The company is continuing to review a pipeline of battery storage projects, as it looks to build out its portfolio and provide support to National Grid allowing a greater level of intermittent renewables on the system.

NAV jumps £40.5 million in Q2 due to high power price forecasts

Foresight has announced the acquisition alongside an update on its net asset value (NAV), which has grown to £754.9 million as of 30 June, up from £714.4 million on 31 March 2022.

This was driven by two key factors, the company said. First, a further upward revision in its power price forecasts. These are based on forecasts from three independent advisors, and resulted in a 3.4p per share uplift for Q2.

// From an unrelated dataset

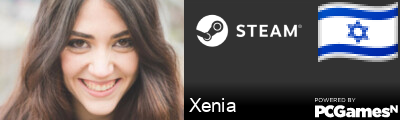 Xenia Steam Signature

This uplift was slightly offset by an increase in the company’s long-term solar capture price discounts. Along with boosting Q2, the uplift from power price forecasts for H1 also grew to 9.3p per share.

The second key factor was an update to inflation figures from Foresight Solar’s short-term assumption when actual figures were released in May, which equated to a 6% increase for the first five months of 2022 alone.

The forecast for the second half of 2022 however remains unchanged at 5%, and is expected to add a further 3.3p per share to the company’s NAV.

For Q2, Foresight Solar’s NAV per ordinary share grew to 123.8p per share from 117.1p per share during the pervious quarter.

Over the first six-months of 2022, the electricity generated by the company’s portfolio was 2.8% above base case, driven by strong operational performance. Its UK production was well ahead of budget due to strong irradiation.

Total revenues for Q2 2022 were 12% ahead of budget, driving H1 2022 revenues up by 18%. Its consolidated EBITDA was 13% ahead of budget for the quarter, and 26% ahead of budget for H1.

As such, Foresight Solar is forecasting an increased minimum target dividend cover of 1.5x for FY22. Its target annual dividend remains at 7.12p per share for the year ending 31 December 2022, and its first payment of 1.78p per share is scheduled to be paid on 26 August as previously announced.

The company’s gross asset value (GAV) as of 30 June 2022 sat at £1,294.9 million, up from £1,244.2 million as of 31 March 2022. Its outstanding debt sits at approximately £540.0 million, representing 41.7% of GAV.

Looking ahead, Foresight Solar has secured further exclusive positions on ready-to-build battery storage projects totalling approximately 60MW, which it expects to complete in the coming months.

Additionally, it has preferential rights on a further pipeline of over 500MW of UK solar projects once they reach ready-to-build stage.